Interview mit dem Musical-Darsteller Andreas Bieber

Im Rahmen der Konzertreihe Musicalstars in Concert von Sound Of Music feierte am 25. Februar 2007 das erste Solokonzert No Frontiers von Andreas Bieber Premiere. Wir befragten den Musical-Darsteller und ewigen Sunnyboy, der sich auf deutschen Musicalbühnen in den letzten Jahren eher rar machte, was hinter dem Konzept der recht ungewöhnlichen Mischung aus Franko-Pop, Folk und irischen Balladen steht.

Solo-Konzert mit Chansons, irischem Folk und Pop

Musical-World: Was steckt hinter dem Konzept Deines Solo-Abends?

Andreas Bieber: No Frontiers vereint einige Stile: Chansons, deutsche, französische, englische und irische Lieder mit Folk und etwas Pop. Das Ganze ist schwer auf einen Nenner zu bringen. Das Interessante für mich war, dass ich eine Menge ausprobieren konnte. Was macht Andreas Bieber solo, was stellt er dar, was will er aussagen? Was passiert, wenn ich nicht in vorgeschriebenen Rollen agiere? Andreas Luketa hat mir diese Mischung präsentiert und hatte da ein sehr gutes Gespür. Das Programm ist sehr vielseitig, doch es gibt einen gemeinsamen Nenner, dass immer eine interessante Geschichte erzählt wird. Das sind nicht einfach Grooves oder Beats, die aneinander gereiht sind, wie es heute üblich ist, sondern jeder Song erzählt eine spannende Geschichte. Es ist eher etwas zum Zuhören. Nicht unbedingt alles Herz-Schmerz und heile Welt, sondern auch traurige, emotionale Geschichten mit Musik, die mir aus der Seele sprechen. Das ist die Gemeinsamkeit, die ich gerne übermitteln möchte.
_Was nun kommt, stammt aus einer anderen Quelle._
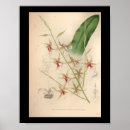 Suche nach orchideen blume poster Bunt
Produktionstagebuch auf der Homepage von Andreas Bieber

Musical-World: Ist das ein neuer Andreas Bieber?

Andreas Bieber: Also ich kenne diesen Andreas Bieber schon länger, aber für das Publikum ist das sicherlich einmal wieder ein neuer Bieber. Auf meiner Homepage habe ich online ein Produktionstagebuch geschrieben, bei dem ich immer darauf hingewiesen habe, dass dieses Projekt nicht nur Party ist. Viele Leute kennen den fröhlichen Party-Bieber und das bin ich auch und will es auch bleiben, aber es gibt auch diese andere Seite. Das Solokonzert ist kein Rock N´ Roll Event, sondern ist ruhiger angelegt. Dabei ist der Abend gar nicht so intim gehalten, ich habe sieben Leute auf der Bühne, die mich begleiten. Es gibt ein Akkordeon, eine Geige, Gitarre, ein Schlagzeug-Pad und eine irische Tin-Whistle, die für die Folk-Elemente wichtig sind und den speziellen Sound liefern.

Songs erzählen Geschichten aus seiner Biographie

Musical-World: Wie bist Du auf das Thema Irland gekommen?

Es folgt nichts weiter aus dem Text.